Avec la rentrée parlementaire, les bruits se sont faits grandissants au sujet du départ de Antoine Gizenga par motion de censure. Dans une certaine opinion, c’est pour éviter cette sortie forcée qu’Antoine Gizenga aurait présenté sa démission. Il n’y a été poussé, apprend-on de bonne source, par aucune autre pression que celle de l’âge. Il s’est rendu compte qu’il ne pouvait plus donner le meilleur de lui-même. Il ne pouvait pas non plus se reposer totalement sur les collaborateurs. C’est depuis des semaines, que le débat avait lieu dans les milieux du Palu, renseigne la même source. Mais, il était question qu’ Antoine Gizenga passe le cap de la présentation du budget 2009.

Des questions entières sans réponse : le cas MAYOBO

Le Comité Exécutif du PALU a réservé à Godefroid Mayobo, le sort autrefois de Gifuza, Biebie, Madame Thérèse Mpakasa et autres. Réuni le samedi 14 juin 2008, le Comité Exécutif du PALU a pris la Décision N° PL/SPRSGCP/N°003/2008 excluant définitivement Godefroid Mayobo du parti et, par conséquent, du Gouvernement de la République. On l’a accusé de s’être rendu coupable des manquements graves à la discipline du parti, en créant des Associations concurrentes et déloyales, en l’occurrence, les Amis de Mayobo (FRANAKI) et la Fondation Mayobo. On ne l’accusait pas seulement d’avoir créé des structures parallèles, mais surtout de les utiliser contre les intérêts du PALU. Dans leur argumentation, les membres du Comité Exécutif National du PALU ont accusé Mayobo d’avoir violé les dispositions de l’article 120 du règlement intérieur du parti. En réaction, les membres de l’entourage de Mayobo ont eu le courage de s’exprimer sur le sujet, dénonçant selon eux, une certaine dérive tribale et traitant certains participants à la messe noire du 14 juin de n’avoir pas qualité. Selon les parlementaires du Palu, Antoine Gizenga, Guide Suprême du parti, « a pris acte comme n’importe qui », de l’exclusion de Godefroid Mayobo.

GIZENGA a laissé pourrir la situation au sein du PALU

Trois jours après, soit le mardi 17 juin 2008, le député Séraphin Zimba Zimba  qui était censé partager la position du groupe parlementaire du PALU, en prenant le contre -pied de la décision, a affirmé sans ambages qu’il désapprouvait l’exclusion de Godefroid Mayobo et qu’il adhérait à la position du Chef du Parti, celle de geler la suspension de Godefroid Mayobo et l’entendre sur les griefs mis à sa charge avant de prendre contre lui une éventuelle mesure disciplinaire.

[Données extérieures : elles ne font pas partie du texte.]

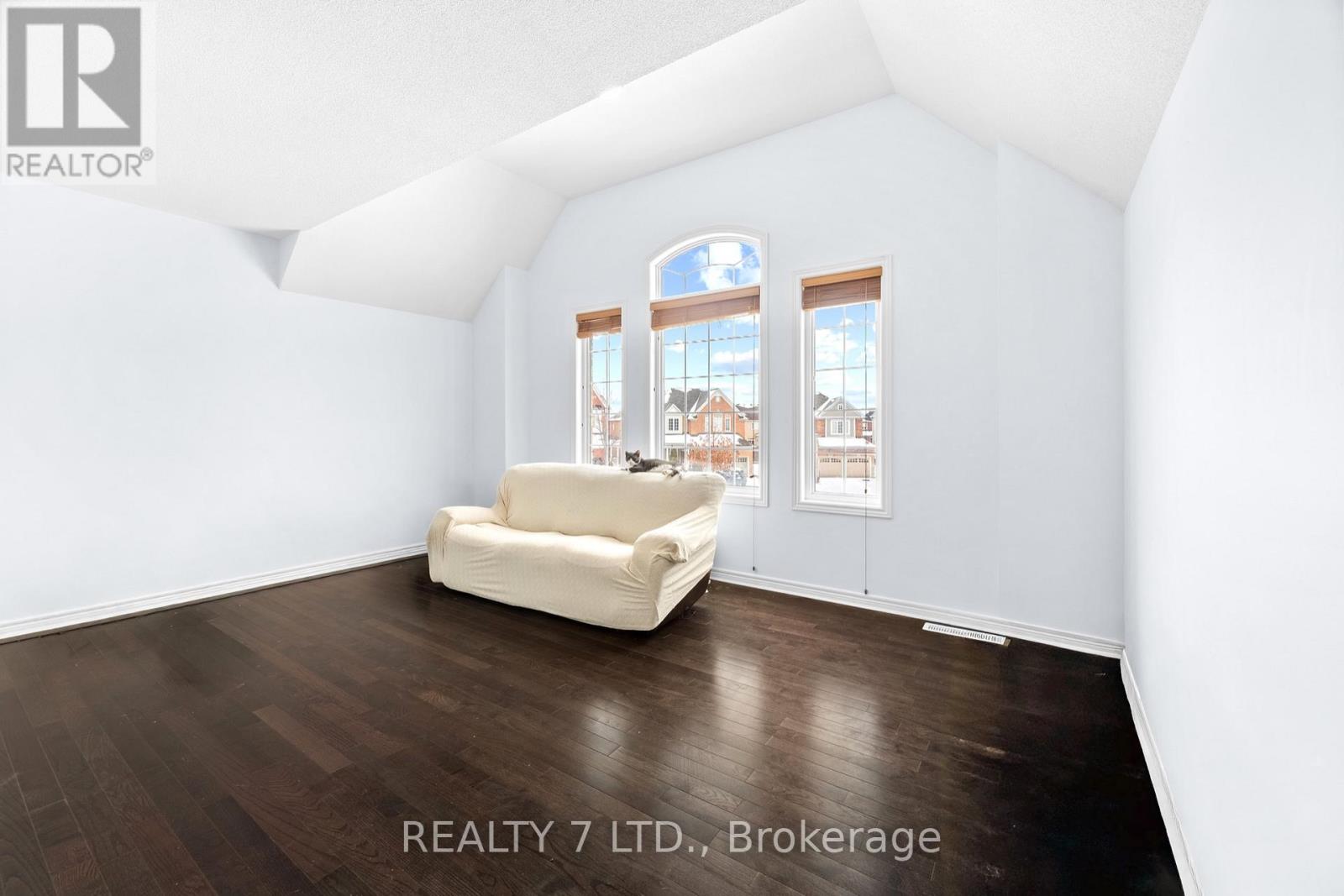 67 Jewelwing Court, Bradford West Gwillimbury (Bradford), Ontario  L3Z 0N7 - Photo 19 - N12983760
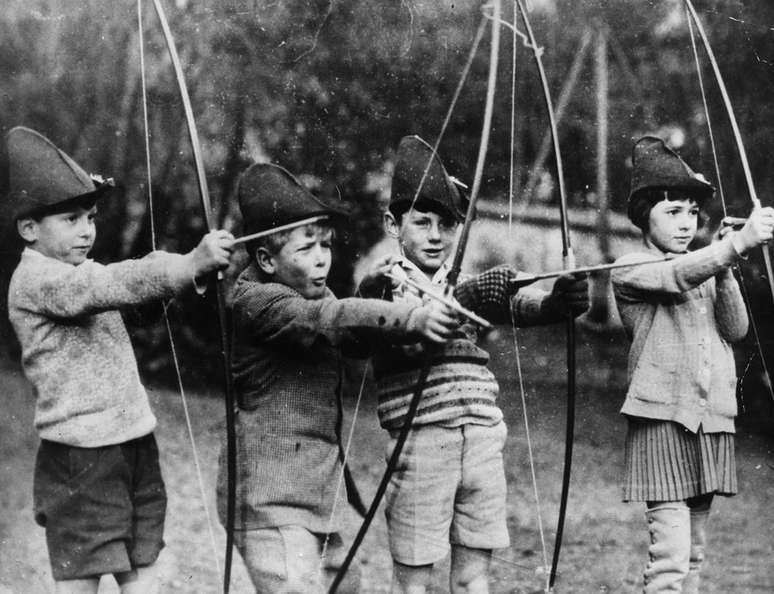 O príncipe (segundo à esquerda) começou sua educação na escola MacJannet, na França, e é visto aqui com seus colegas. Aos sete anos, foi morar com seus parentes Mountbatten na Inglaterra, onde frequentou uma escola preparatória em Surrey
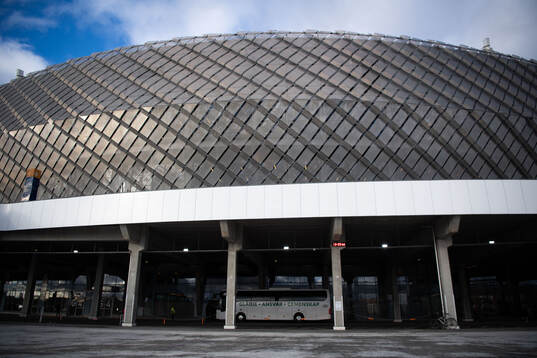 Västerås spelarbuss utanför Tele2 Arena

En attendant, Mayobo devrait continuer à exercer ses fonctions jusqu’à nouvel ordre. Espérant un apaisement pendant la rencontre de clarification convoquée par Gizenga pour lever les zones d’ombre, la sortie de Zénon Mukwakani et certains de ses collègues parlementaires du Palu a constitué la preuve éloquente que les violons étaient loin de s’accorder. On a alors conclu que Mayobo dérangeait sérieusement dans ses fonctions de ministre près le Premier ministre et partant de « dauphin » non déclaré du patriarche Gizenga. Le refus catégorique des parlementaires du Palu de suivre l’appel au calme d’Antoine Gizenga était une preuve suffisante de l’existence de l’absence d’autorité du Guide. A en croire les membres du Comité Exécutif National, étant entendu que le patriarche Antoine Gizenga ne gérait plus le parti en conformité avec la Constitution, il y avait lieu de tirer toutes les conséquences qui s’imposaient.

Selon certains observateurs, il était quasiment impossible qu’une importante décision, d’une telle instance du Palu, ait été prise sans la bénédiction de Gizenga. Mayobo a trouvé son salut dans la Loi fondamentale ; pour le débouter, il fallait un décret du président de la République portant remaniement du gouvernement.

Mayobo n’ayant pas un mandat législatif revendiqué par le Palu. Avant l’affaire MAYOBO, le Palu s’était illustré comme étant un parti plus discipliné et démocratique, le patriarche a fait preuve des faiblesses qui risqueraient de coûter cher au Palu se trouvant dans l’impossibilité de présenter un Premier Ministre à accepter par l’AMP, sans oublier l’incompétence de la plupart de ses Ministres au Gouvernement.